- Died: September 29, 2006
- Occupations: Businessman, music manager, publicist, agent, Hotel executive
- Years active: 1960s to 2006
- Known for: Manager of Eric Burdon & the Animals, Sean Bonniwell Merv Griffin Hotel chain
- Spouse: Amanda
- Children: 2

= Kevin Deverich =

American businessman

Kevin Deverich had careers in both music and later hotel management on an executive level. The music acts he managed were Eric Burdon & the Animals, The Music Machine and Sean Bonniwell. Later, moving into the hotel business, his career included working for Merv Griffin's hotel chain.

==Background==
He was born in Beverly Hills, California. He attended the International School in Geneva, Switzerland. He also attended the London School of Economics and Wharton School of Management. In London he became involved with rock music bands. During the 1960s, his career in music included managing Eric Burdon & the Animals, and Sean Bonniwell.
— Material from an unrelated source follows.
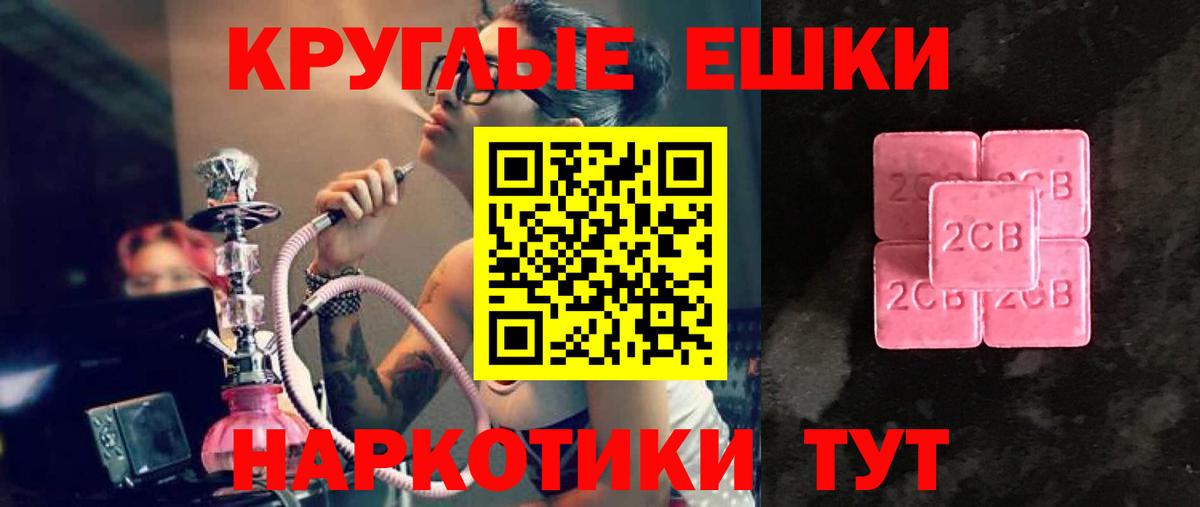 Экстази 99%  ЭКСТАЗИ  ссылка на мегу сайт  Экстази бентли  Вход с VPN  Обь 
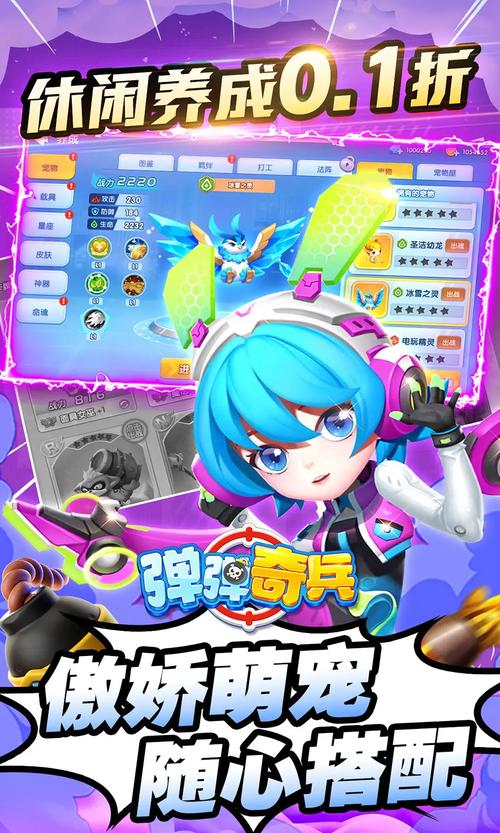 弹头奇兵官网下载2026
During his hotel career, he was general manager of the Capital Hilton, and an executive with Merv Griffin's hotel chain, which included the Beverly Hilton. He spent a decade running the company, and would later end up heading Crown Realty & Development.

==Music career==
By April, 1967, he was managing The Music Machine. In 1968, he became the manager for Eric Burdon and the new Animals when they became unhappy over money that had been promised to them by manager Mike Jeffery, so they fired him and took Deverich on as their new manager. This happened in April. Deverich was just managing the US side of their career but took on the role to manage them internationally.

He was responsible for the group signed Blues Image being signed to the Atco label.

===David Kevin Deverich & Associates===
As of July 1968, his operation was located on the West Coast on 8818 Sunset Boulevard, Los Angeles.

By May, 1969, he had seven new acts under his roster which included Danny McCullough and Hilton Valentine from Great Britain. On the US end was Sean Bonniwell and another act called Mosaic Tweed. Mosaic Tweed would release a single "You And Me" bw "Comin' Home" on Capitol in July that year. There was also a duo consisting of Brad Truitt and Billy Woodruff on the Kevin Deverich and Assoc. talent roster. About two years prior to coming on board with Kevin Deverich & Associates, Truitt Brad Jose was one of the acts appearing at Jim Wright's Club Tiki on North Fair Oaks. Later in the seventies, Truitt would find work as an actor, acting in a Los Angeles production of The Tooth of Crime with James Keach and playing characters such as Foster Bridges in "Web of Death", an episode of Kojak.

==Hotel career==
By early 1992, he was the general manager of Merv Griffin's Beverly Hilton Hotel. he would then spend a decade at the top of the hotel chain.
In 2000, according to an article by Slate in its May 8 issue, it was a bit of a mystery as to where Deverich was now working. It was reported by The Los Angeles Times in its December 5, 2003 issue that he was working for Crown Realty & Development where he was in charge of hotel acquisitions. By August 2004, he had been appointed vice president of Crown Realty & Development's newly formed hotel division.

==Death==
He died suddenly at his home on September 29, 2006, leaving behind his wife Amanda and two young daughters.